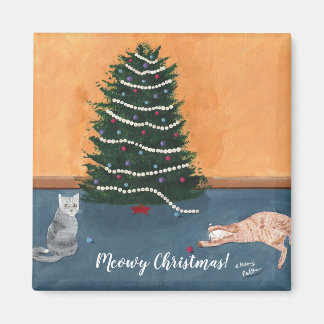Gatos juguetones por imanes de árboles de Navidad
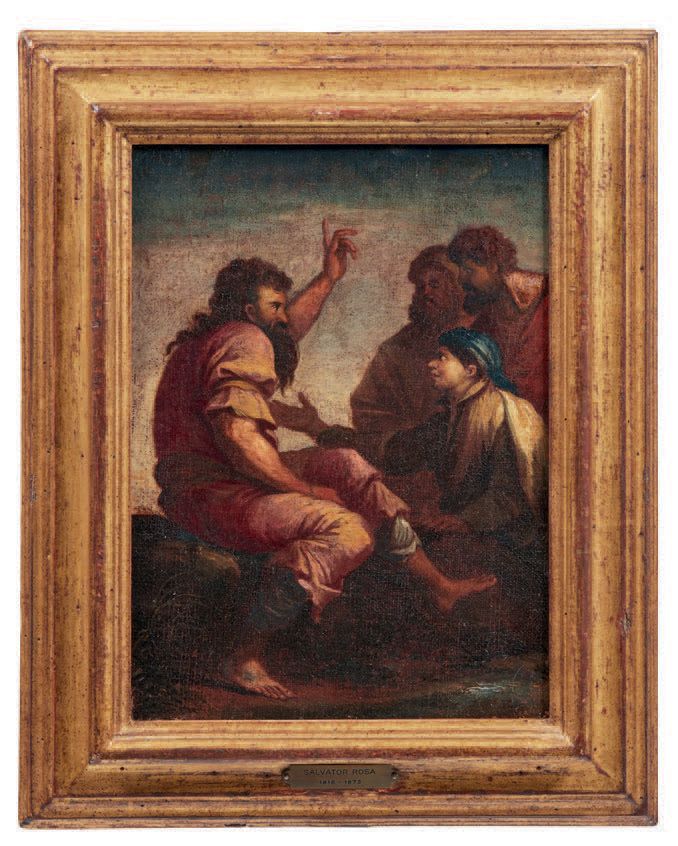 Scuola romana del XVII secolo, ambito di Salvator Rosa 
Biblical scene
Oil on ca&hellip;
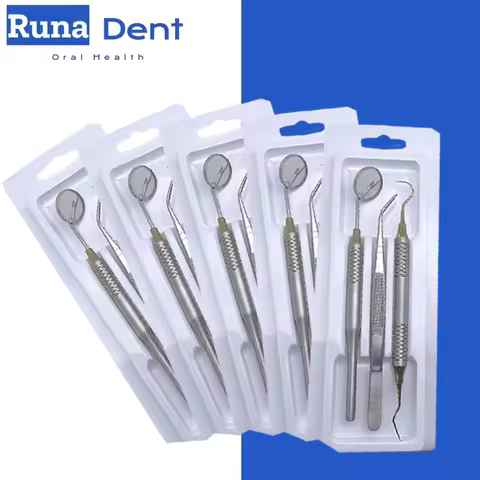 Dental Stainless Steel Kit Mirror Tweezer Curved Explorer Oral Exam Hygiene Cleaning Instrument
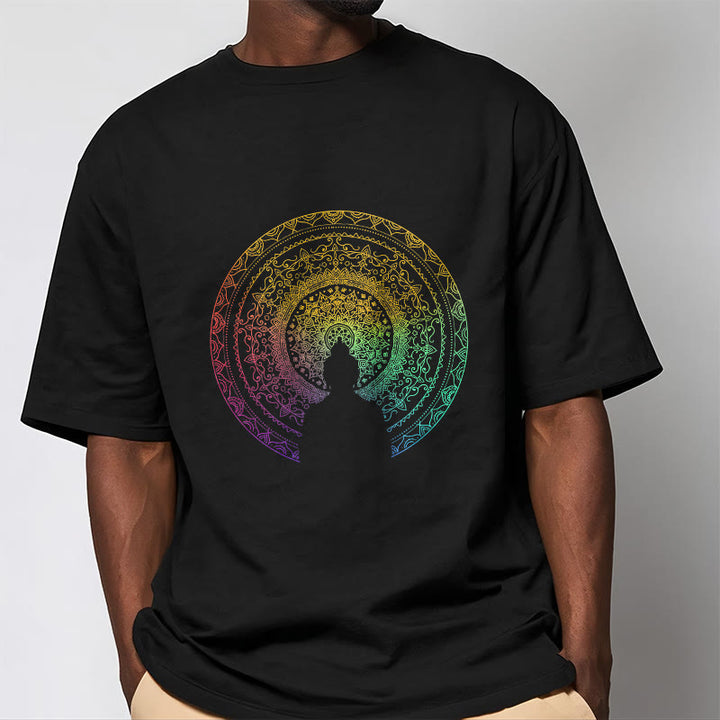 T-shirt en coton avec motif mandala dégradé coloré et Buddha Stones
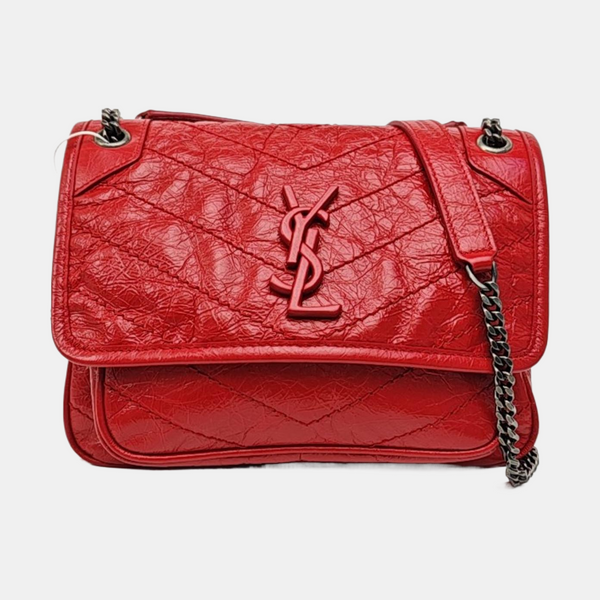 NIKI Small Chevron Calfskin Red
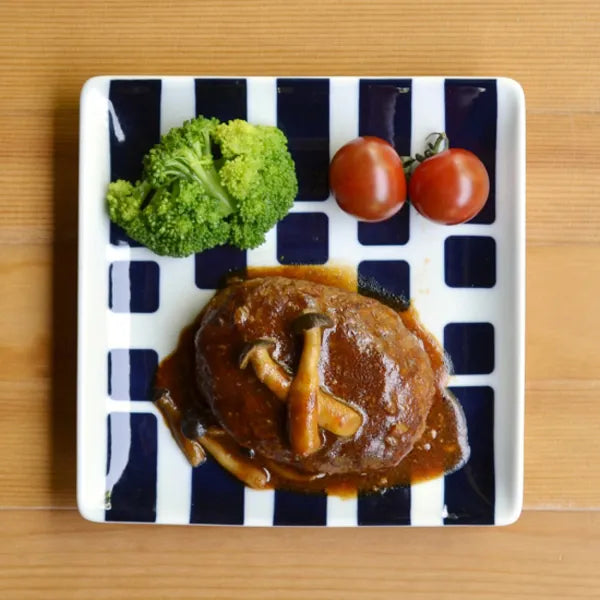 Hasami Yaki(ware) Square Plate Set of 7pcs - Various Patterns -, Japanese Hasami ware plate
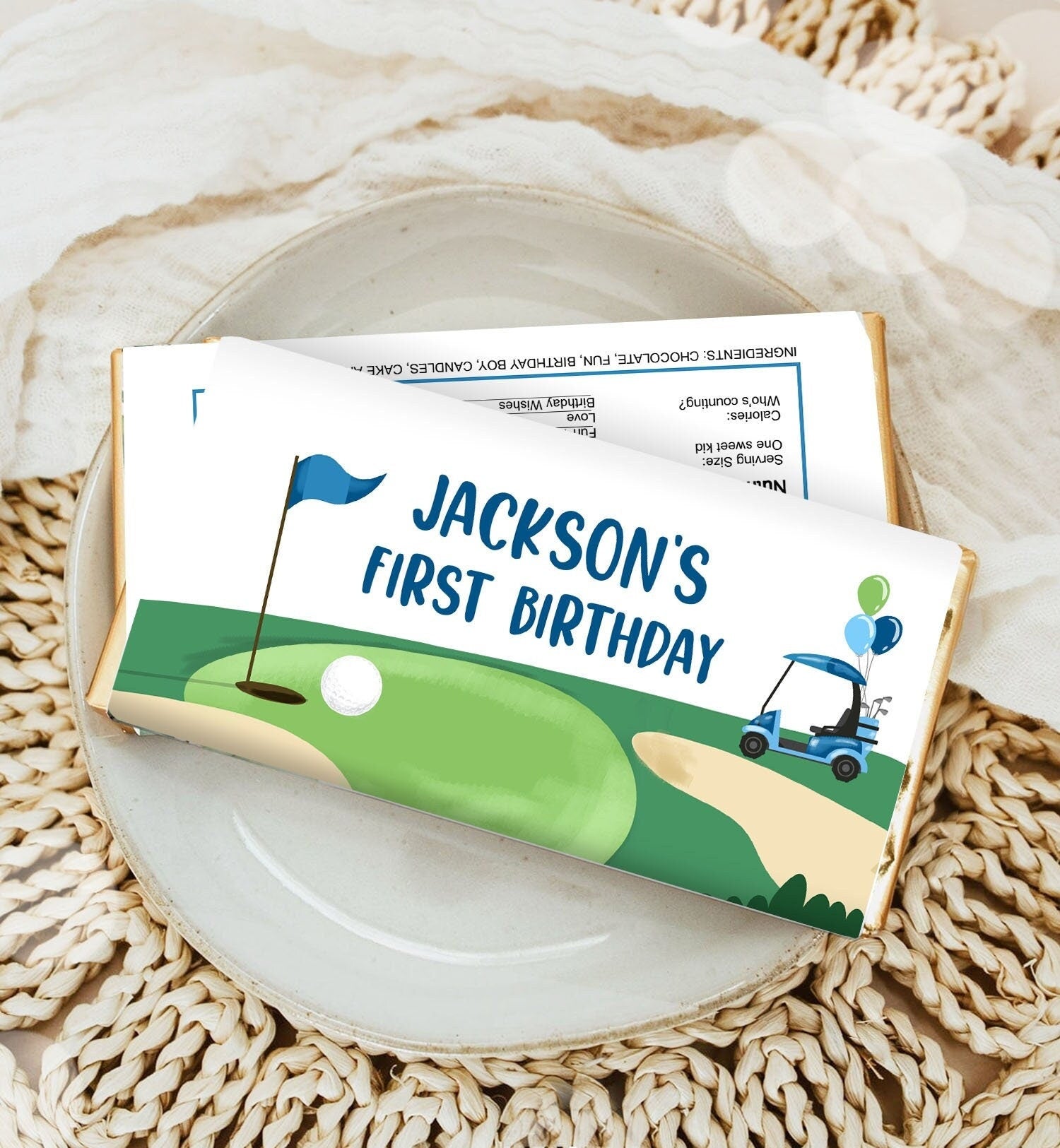 Editable Golf Candy Bar Wrapper Boy Blue Golf Cart Birthday Label Par-Tee Golfing Party Hole in One Digital Download Template Printable 0405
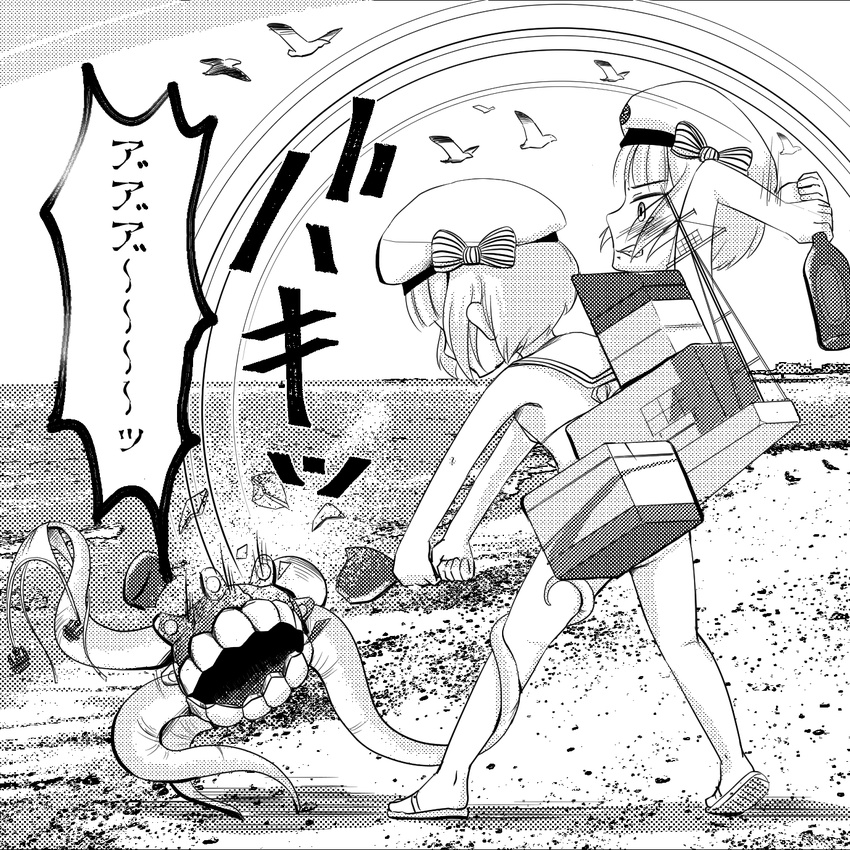 adapted_costume bikini bird bottle bow enemy_naval_mine_(kantai_collection) golden_kamuy greyscale hat hat_bow highres horoyuki_(gumizoku) kantai_collection monochrome outdoors parody sailor_bikini sailor_collar sailor_hat seagull shinkaisei-kan short_hair side-tie_bikini swimsuit tentacles translated white_hat z3_max_schultz_(kantai_collection)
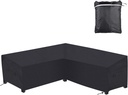 Patio Sectional Sofa Cover Outdoor Waterproof Windproof Upgraded 420D Patio 106'' X 106'' V-Shaped Furniture Protector for Garden Sofa Couch Sectional Lounge Set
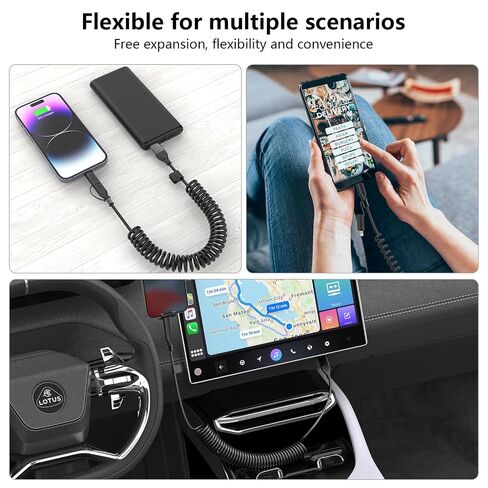 Multi Coiled 4-in-1 USBA/Type C to USB-C/Lightning Cable Combo for Apple Carplay& Android Auto,Black 3A 60W Fast Charge & Data Sync Car Charger Cord for iPhone 15/14/13/12，Samsung Galaxy,Android-MFi in Kuwait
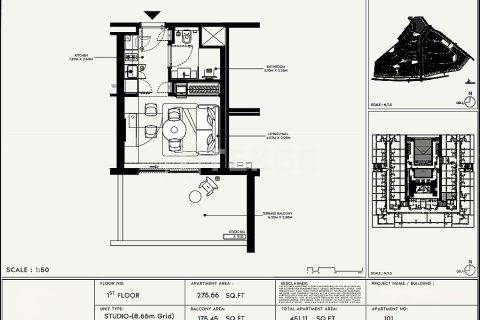 Apartment til salg i Dubai, UAE 1 soveværelse, 69 kvm № 730863 - foto 8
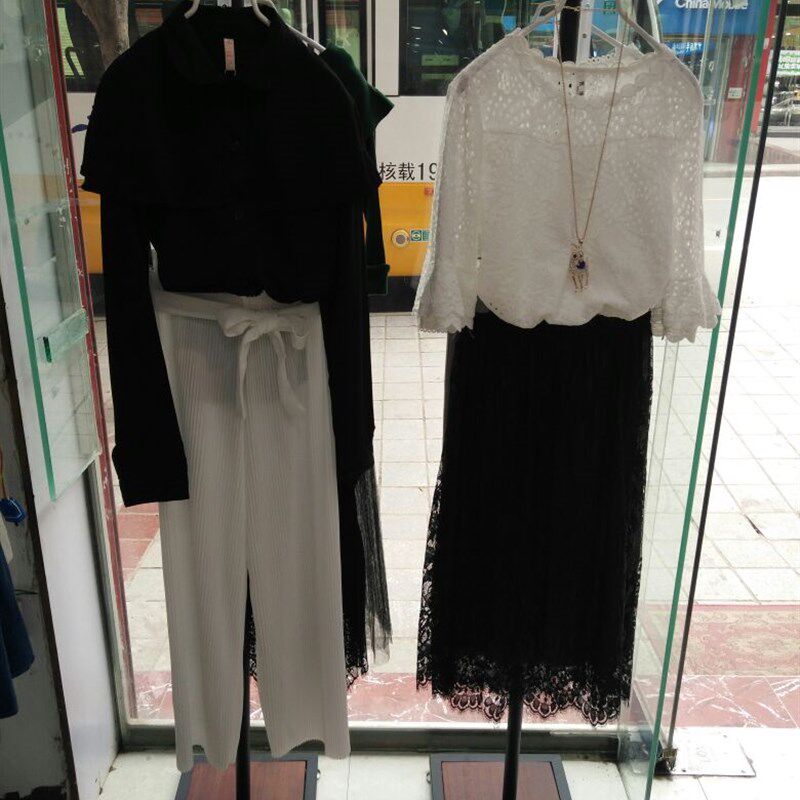 服装店橱窗展示架铁艺点挂单双挂落地挂衣架正挂货架中岛模特道具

**To do:** Leave the pictures out and reproduce exactly the lines from the top of the listing above through the line with "NIKI Small Chevron Calfskin Red".

**Task result:**
Gatos juguetones por imanes de árboles de Navidad
 Scuola romana del XVII secolo, ambito di Salvator Rosa 
Biblical scene
Oil on ca&hellip;
 Dental Stainless Steel Kit Mirror Tweezer Curved Explorer Oral Exam Hygiene Cleaning Instrument
 T-shirt en coton avec motif mandala dégradé coloré et Buddha Stones
 NIKI Small Chevron Calfskin Red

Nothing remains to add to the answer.